Article L631-10 du Code de commerce
- Dès le jugement d'ouverture, les titres détenus par les dirigeants de droit ou de fait ne peuvent être cédés que dans les conditions fixées par le tribunal.
- La cession faite en dehors de ces conditions est nulle.
- Les titres sont virés sur un compte spécial bloqué, et aucun mouvement n'y est possible sans l'autorisation du juge-commissaire.
- L'incessibilité est mentionnée sur les registres de la personne morale.
- Le texte vise les dirigeants rémunérés ou non, et la détention directe ou indirecte.
Partie législative, partie réglementaire : quelle différence ?
La loi, votée par le Parlement. Elle pose les principes et les droits : qui peut demander l'ouverture d'une procédure, à quelles conditions, avec quels effets sur les dettes, les contrats et les salariés. C'est le texte qui décide.
Le décret, pris par le gouvernement pour appliquer la loi. Il règle le « comment » : quelle juridiction saisir, quelles pièces joindre, dans quels délais, qui convoque qui, sous quelle forme.
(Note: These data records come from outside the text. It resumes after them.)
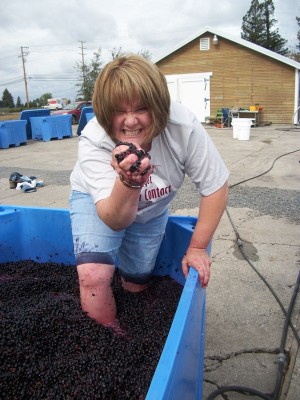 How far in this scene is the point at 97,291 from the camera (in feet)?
5.07

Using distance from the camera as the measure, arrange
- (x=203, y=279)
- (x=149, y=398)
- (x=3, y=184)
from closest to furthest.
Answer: (x=149, y=398), (x=203, y=279), (x=3, y=184)

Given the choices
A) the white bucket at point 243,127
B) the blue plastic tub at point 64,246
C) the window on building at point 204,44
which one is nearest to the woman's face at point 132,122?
the blue plastic tub at point 64,246

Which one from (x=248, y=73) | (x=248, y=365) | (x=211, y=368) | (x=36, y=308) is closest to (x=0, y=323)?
(x=36, y=308)

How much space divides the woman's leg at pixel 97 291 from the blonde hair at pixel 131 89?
0.57 m

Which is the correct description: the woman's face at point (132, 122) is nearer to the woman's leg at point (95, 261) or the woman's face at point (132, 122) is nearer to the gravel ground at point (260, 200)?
the woman's leg at point (95, 261)

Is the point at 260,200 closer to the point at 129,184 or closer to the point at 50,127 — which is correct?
the point at 129,184

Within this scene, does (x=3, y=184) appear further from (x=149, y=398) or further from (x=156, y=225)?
(x=149, y=398)

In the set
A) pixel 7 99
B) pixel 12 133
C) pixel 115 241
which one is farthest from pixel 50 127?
pixel 7 99

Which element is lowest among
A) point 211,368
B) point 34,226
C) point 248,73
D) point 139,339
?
point 211,368

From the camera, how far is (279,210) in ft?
12.4

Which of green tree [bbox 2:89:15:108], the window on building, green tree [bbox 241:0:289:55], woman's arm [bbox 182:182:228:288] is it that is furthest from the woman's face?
green tree [bbox 2:89:15:108]

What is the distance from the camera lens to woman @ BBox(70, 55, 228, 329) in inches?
49.3

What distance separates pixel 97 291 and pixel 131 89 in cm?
81

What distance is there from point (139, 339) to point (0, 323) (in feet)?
1.80
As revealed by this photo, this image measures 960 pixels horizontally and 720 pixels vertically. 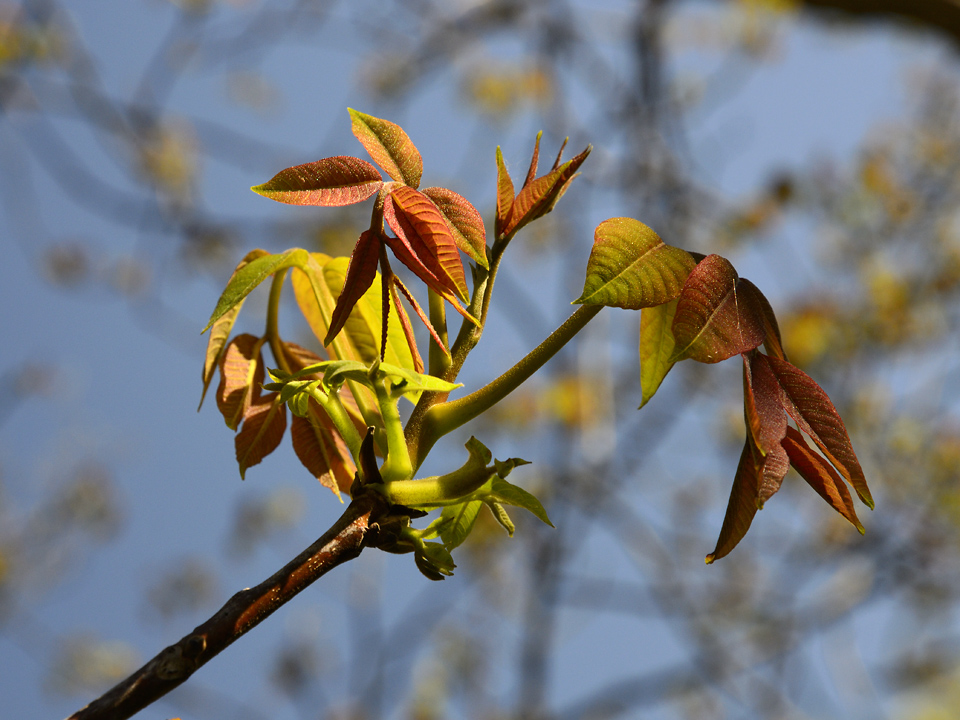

C'est le texte qui organise.
Les deux se lisent ensemble : un droit reconnu par la loi s'exerce selon les formes fixées par le décret, et une formalité manquée peut faire perdre ce droit. Sur ce site, la partie législative est toujours à gauche et la partie réglementaire toujours à droite, quel que soit l'article consulté.
Partie législative
La loi : ce que le Parlement a voté (articles en L)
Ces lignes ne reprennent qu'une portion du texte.